With our nation still emerging from the shadow cast by the terrible events in Orlando, we are seeing an unusually high amount of action on the gun control front. Today is a particularly big day. First, the U.S. Senate is set to vote on four bills on the subject, thanks to Senator Chris Murphy’s (D-CT) recent filibuster. Second, a Connecticut state court judge heard arguments today on whether a lawsuit against gun manufacturers can proceed. That suit seeks to hold the manufacturers accountable for the Sandy Hook massacre that killed 26 students and teachers in an elementary school.
Finally, the U.S. Supreme Court today decided not to hear a case regarding a new Connecticut gun control law. The law, passed in the wake of Sandy Hook, instituted a host of new restrictions on gun ownership in that state. The Court’s inaction upholds the law, at least for the time being.
The Supreme Court deciding not to hear a case like this is actually big news, and it’s becoming a trend in the realm of gun control. Back in December, the Court similarly declined to hear a gun-control case out of Highland Park, Illinois. Here’s what we wrote back then about how these rulings can affect Philadelphia. All of the information (including Donald Trump’s obsession with ousting Muslim Americans from America, sadly) applies even under the Court’s most recent action.
In the wake of last week’s San Bernadino shootings, a great deal of the public discourse has turned to gun control, particularly assault rifles. (Donald Trump is more focused on Muslim control, but that’s beside the point for now.) For years, liberals and Democrats have tried to push gun control measures through state legislatures and Congress. And for years, the Supreme Court has rejected those laws as unconstitutional, seeming to chart a path to freewheeling gun ownership with no limits in sight.
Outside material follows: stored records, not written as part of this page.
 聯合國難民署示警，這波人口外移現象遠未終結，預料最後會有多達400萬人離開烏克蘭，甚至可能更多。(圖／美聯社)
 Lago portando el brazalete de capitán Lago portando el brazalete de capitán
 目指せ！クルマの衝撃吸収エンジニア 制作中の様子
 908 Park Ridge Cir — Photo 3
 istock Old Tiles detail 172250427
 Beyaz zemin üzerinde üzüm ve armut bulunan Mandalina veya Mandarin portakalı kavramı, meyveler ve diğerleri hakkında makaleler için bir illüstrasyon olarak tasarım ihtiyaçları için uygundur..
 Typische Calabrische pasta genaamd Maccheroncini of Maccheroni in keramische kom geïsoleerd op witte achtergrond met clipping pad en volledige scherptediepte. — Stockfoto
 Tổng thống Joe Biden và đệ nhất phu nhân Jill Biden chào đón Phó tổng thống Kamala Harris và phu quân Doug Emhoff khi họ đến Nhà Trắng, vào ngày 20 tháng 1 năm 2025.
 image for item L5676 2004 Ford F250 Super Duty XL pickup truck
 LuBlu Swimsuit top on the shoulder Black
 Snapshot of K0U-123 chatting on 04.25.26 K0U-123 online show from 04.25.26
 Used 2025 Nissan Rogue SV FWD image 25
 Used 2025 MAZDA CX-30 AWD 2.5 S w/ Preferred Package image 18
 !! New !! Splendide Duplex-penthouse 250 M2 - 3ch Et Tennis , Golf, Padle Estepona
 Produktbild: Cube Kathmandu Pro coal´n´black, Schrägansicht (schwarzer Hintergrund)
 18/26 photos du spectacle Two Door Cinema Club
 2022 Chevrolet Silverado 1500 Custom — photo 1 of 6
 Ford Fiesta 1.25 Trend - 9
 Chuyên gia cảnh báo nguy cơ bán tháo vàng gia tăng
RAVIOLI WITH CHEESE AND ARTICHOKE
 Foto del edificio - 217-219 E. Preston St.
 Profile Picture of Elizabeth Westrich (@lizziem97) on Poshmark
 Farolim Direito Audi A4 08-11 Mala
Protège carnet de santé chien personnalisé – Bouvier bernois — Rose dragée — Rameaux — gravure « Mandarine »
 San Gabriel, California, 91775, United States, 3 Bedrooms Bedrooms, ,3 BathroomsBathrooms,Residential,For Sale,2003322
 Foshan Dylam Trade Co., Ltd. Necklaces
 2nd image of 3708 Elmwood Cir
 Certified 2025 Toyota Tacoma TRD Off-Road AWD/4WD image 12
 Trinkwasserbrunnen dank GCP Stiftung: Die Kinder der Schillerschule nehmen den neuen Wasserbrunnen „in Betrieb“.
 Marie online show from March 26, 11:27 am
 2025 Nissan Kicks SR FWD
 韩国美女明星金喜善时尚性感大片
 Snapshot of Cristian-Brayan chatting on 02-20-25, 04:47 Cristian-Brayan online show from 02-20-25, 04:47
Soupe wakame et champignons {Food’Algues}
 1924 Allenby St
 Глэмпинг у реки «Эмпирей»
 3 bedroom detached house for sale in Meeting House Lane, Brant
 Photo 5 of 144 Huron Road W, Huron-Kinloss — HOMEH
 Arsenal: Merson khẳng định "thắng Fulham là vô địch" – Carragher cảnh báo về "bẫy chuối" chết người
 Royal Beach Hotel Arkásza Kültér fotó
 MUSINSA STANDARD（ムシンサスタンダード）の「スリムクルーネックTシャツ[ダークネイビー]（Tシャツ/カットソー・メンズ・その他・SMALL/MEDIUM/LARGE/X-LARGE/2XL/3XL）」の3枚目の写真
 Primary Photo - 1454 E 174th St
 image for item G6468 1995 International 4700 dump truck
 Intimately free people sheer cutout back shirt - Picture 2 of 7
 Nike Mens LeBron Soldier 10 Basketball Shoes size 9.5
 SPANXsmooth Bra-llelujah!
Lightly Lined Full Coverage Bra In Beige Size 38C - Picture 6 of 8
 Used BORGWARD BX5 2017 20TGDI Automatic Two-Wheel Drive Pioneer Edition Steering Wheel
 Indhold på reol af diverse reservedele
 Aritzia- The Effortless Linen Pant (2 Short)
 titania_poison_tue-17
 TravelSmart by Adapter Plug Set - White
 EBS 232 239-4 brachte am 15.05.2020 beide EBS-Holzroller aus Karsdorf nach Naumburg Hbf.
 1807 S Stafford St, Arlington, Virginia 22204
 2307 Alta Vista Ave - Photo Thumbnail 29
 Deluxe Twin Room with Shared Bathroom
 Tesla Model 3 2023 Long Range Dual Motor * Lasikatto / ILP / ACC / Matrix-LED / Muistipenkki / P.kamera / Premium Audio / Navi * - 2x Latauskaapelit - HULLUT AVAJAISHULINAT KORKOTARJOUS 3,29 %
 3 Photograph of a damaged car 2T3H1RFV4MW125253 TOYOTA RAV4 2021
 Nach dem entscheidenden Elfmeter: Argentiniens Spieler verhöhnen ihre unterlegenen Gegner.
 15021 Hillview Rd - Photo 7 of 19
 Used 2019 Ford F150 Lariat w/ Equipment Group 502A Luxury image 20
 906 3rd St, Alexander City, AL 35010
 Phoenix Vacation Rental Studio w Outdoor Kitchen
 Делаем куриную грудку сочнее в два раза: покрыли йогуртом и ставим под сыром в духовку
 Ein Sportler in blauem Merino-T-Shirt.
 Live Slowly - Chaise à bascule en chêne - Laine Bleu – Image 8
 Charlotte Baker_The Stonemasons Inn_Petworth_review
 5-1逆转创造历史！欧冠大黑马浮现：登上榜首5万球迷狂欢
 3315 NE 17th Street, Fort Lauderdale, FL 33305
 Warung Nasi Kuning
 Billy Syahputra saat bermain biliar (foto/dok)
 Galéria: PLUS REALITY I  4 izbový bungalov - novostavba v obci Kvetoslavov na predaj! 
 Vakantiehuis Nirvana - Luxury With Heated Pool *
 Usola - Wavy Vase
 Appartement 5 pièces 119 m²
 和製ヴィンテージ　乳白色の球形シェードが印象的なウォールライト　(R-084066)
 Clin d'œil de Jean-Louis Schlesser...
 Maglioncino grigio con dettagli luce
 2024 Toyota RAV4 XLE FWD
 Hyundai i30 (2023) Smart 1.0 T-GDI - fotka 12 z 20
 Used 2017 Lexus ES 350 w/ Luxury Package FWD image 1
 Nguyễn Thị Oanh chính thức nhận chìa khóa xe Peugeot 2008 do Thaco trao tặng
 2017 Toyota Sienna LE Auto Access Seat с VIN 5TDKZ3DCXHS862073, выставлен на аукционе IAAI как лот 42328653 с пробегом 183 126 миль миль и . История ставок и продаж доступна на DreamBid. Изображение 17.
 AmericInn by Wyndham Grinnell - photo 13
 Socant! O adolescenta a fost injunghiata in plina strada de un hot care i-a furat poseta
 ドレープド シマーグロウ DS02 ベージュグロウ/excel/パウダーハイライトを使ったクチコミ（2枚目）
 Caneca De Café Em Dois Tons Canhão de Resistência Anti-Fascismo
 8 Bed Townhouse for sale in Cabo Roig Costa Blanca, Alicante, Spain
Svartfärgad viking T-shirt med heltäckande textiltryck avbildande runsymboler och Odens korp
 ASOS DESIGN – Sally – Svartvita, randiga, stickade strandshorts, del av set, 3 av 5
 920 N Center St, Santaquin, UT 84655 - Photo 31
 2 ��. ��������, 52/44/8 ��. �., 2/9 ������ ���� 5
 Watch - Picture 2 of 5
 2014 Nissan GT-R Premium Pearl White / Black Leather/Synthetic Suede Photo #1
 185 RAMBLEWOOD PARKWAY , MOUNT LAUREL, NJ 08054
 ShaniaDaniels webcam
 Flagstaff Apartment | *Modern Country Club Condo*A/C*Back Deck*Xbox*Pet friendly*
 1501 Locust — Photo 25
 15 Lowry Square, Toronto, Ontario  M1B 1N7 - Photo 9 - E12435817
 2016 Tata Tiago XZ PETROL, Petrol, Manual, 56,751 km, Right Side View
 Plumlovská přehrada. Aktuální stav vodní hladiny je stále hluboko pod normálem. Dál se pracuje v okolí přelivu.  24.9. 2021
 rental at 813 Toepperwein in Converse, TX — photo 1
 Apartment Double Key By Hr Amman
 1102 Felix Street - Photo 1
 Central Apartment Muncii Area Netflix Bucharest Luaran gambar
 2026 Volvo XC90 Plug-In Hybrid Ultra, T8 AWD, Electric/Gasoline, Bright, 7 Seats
So it was a surprise this week when the Supreme Court refused to hear a gun control case out of the suburbs of Chicago. The City of Highland Park had passed a law making it illegal for anyone to possess an “assault rifle,” which they defined as a semi-automatic weapon that can hold magazines of more than ten bullets. Had the Supreme Court decided to hear the case, they could have then overturned that law and declared it unconstitutional. By refusing to hear it, the Court effectively declared Highland Park’s law constitutional, paving the way for other cities and towns to pass similar laws.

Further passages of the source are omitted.